• The task: Each line of the data below between the one containing "adidas Ultraboost 20" and the one containing "بعد 30 عاما..", both included, is to be repeated exactly. Please omit pictures.

(Data begins)

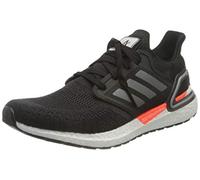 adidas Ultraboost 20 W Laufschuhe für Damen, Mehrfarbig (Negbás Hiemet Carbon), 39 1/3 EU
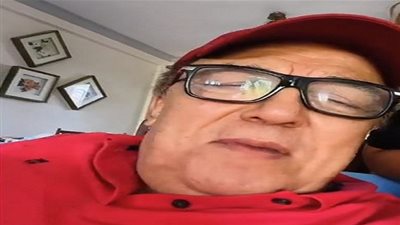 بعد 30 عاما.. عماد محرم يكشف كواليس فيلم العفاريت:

(Data ends)
(Data begins)

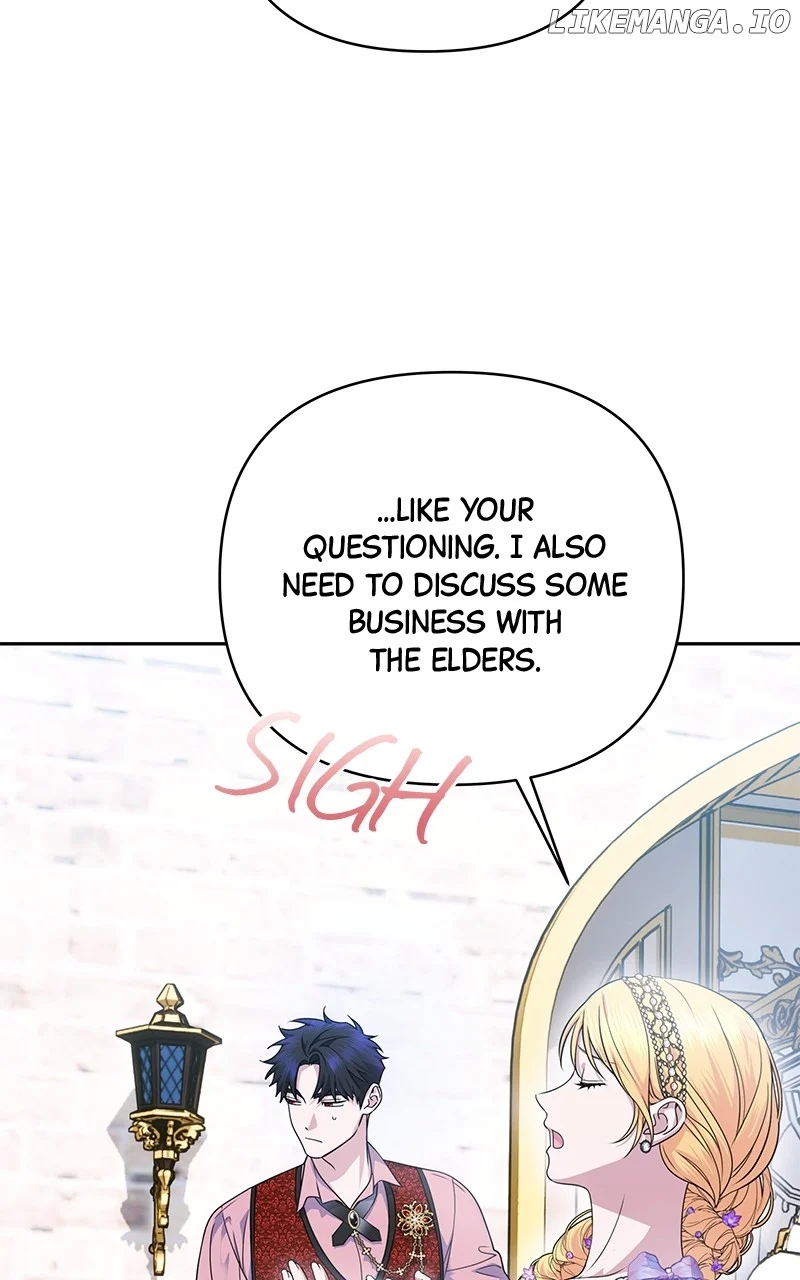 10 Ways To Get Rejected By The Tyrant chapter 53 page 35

(Data ends)

• Solution to this problem:
 adidas Ultraboost 20 W Laufschuhe für Damen, Mehrfarbig (Negbás Hiemet Carbon), 39 1/3 EU
 بعد 30 عاما.. عماد محرم يكشف كواليس فيلم العفاريت:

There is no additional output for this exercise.